■ Task
Reproduce every entry word for word. Drop all pictures from the copy.

■ Recorded information
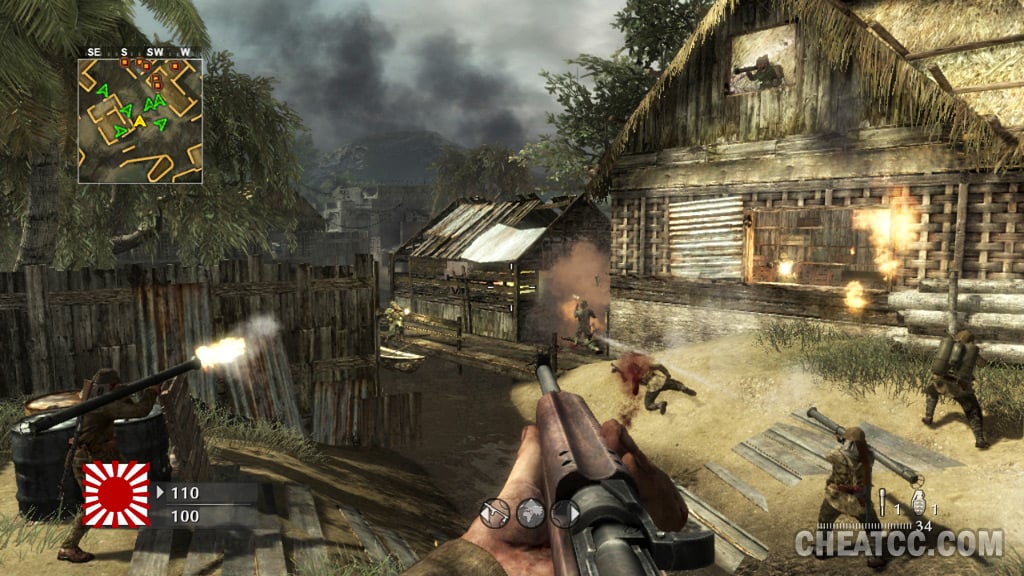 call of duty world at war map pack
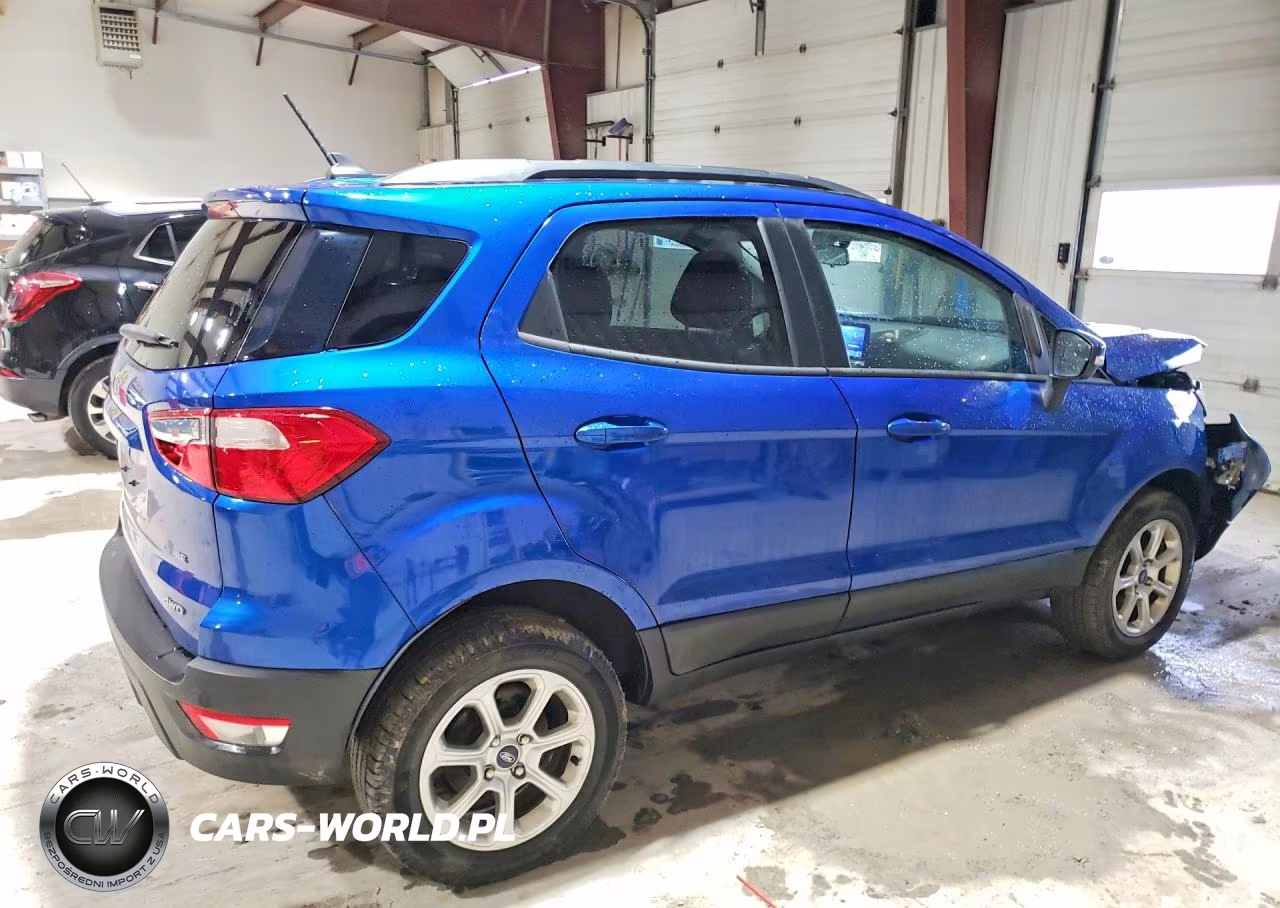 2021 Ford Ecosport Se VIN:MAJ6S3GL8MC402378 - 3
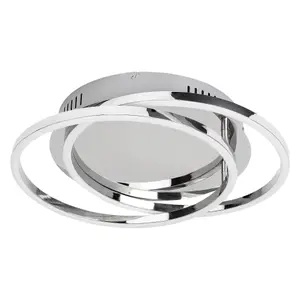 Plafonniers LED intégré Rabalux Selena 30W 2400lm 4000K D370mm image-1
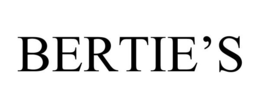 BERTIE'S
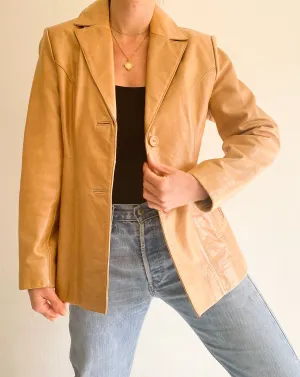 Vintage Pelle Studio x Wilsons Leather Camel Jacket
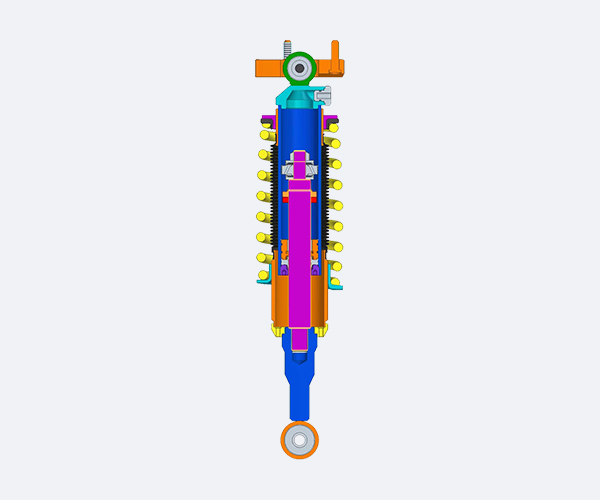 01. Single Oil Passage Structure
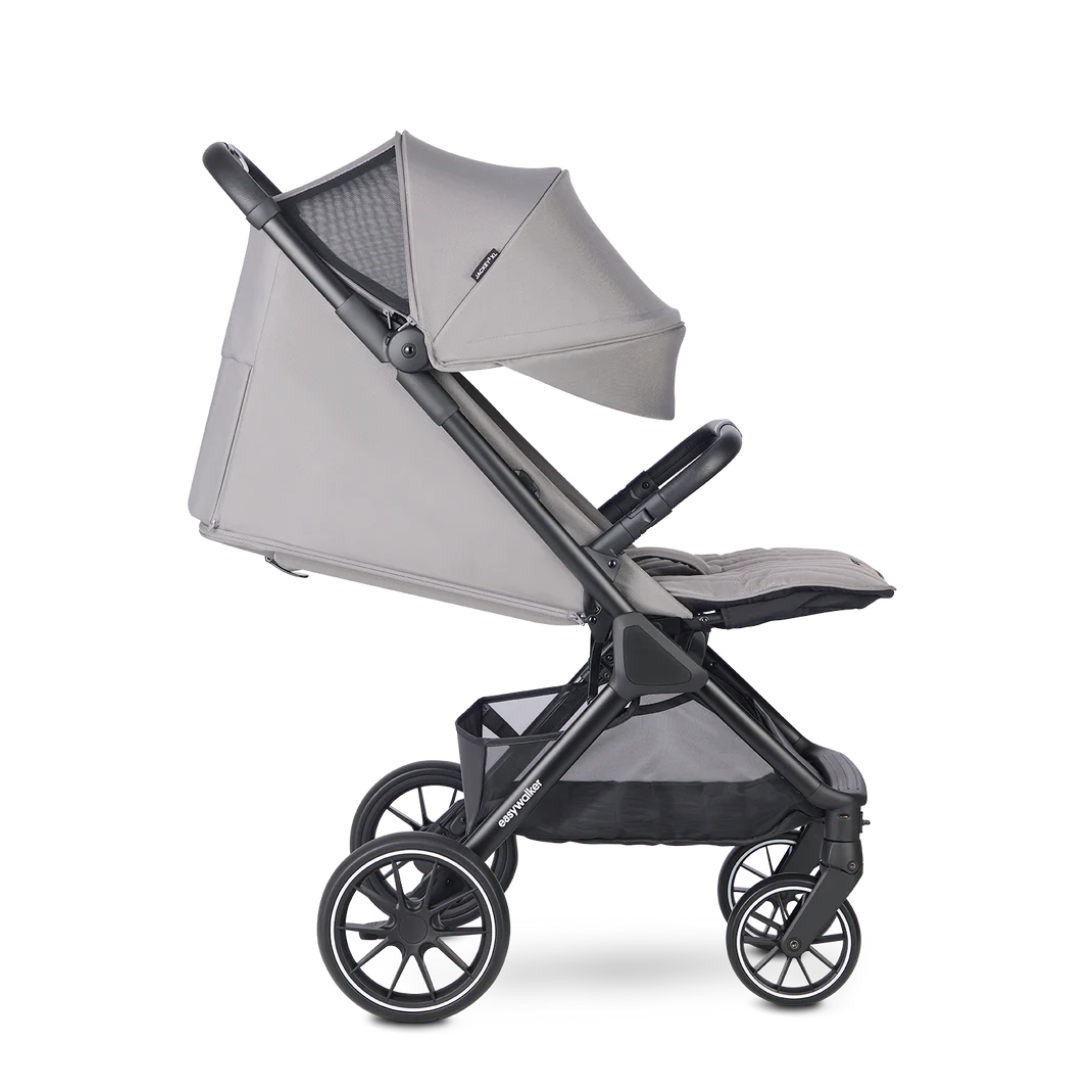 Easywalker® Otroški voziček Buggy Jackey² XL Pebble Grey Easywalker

■ Exercise response
 call of duty world at war map pack
 2021 Ford Ecosport Se VIN:MAJ6S3GL8MC402378 - 3
 Plafonniers LED intégré Rabalux Selena 30W 2400lm 4000K D370mm image-1
 BERTIE'S
 Vintage Pelle Studio x Wilsons Leather Camel Jacket
 01. Single Oil Passage Structure
 Easywalker® Otroški voziček Buggy Jackey² XL Pebble Grey Easywalker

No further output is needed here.